▸ **HOW TO COMPLETE THIS TASK**:
Starting with the line with "女児用 短袖シャツ【白色・薄手・グラデーションデザイン】" in the entries below and going on through the line with "Backyard Storage Shed", output every line exactly and nothing more. No pictures.

▸ **ENTRIES SHOWN**:
⟨

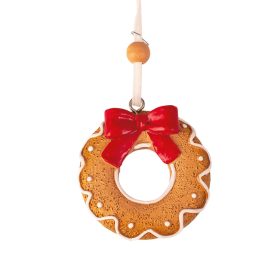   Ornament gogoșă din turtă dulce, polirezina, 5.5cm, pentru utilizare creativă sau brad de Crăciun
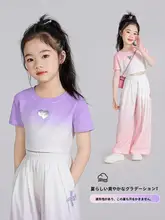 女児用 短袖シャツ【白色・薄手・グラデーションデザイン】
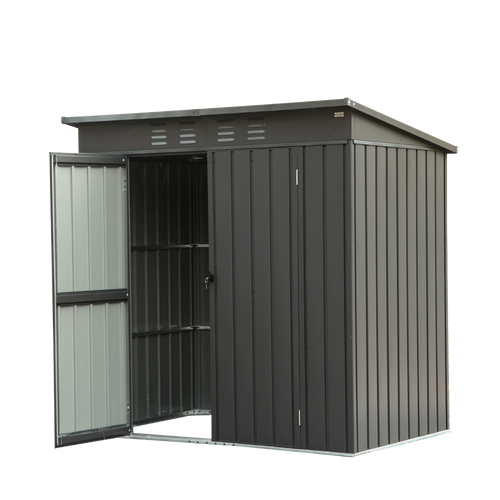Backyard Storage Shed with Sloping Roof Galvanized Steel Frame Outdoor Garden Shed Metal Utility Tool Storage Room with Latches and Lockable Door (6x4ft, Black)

⟩
⟨

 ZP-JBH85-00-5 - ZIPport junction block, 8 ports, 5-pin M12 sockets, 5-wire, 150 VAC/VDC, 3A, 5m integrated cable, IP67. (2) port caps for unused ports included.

⟩

▸ **SOLUTION TO THIS TASK**:
 女児用 短袖シャツ【白色・薄手・グラデーションデザイン】
Backyard Storage Shed with Sloping Roof Galvanized Steel Frame Outdoor Garden Shed Metal Utility Tool Storage Room with Latches and Lockable Door (6x4ft, Black)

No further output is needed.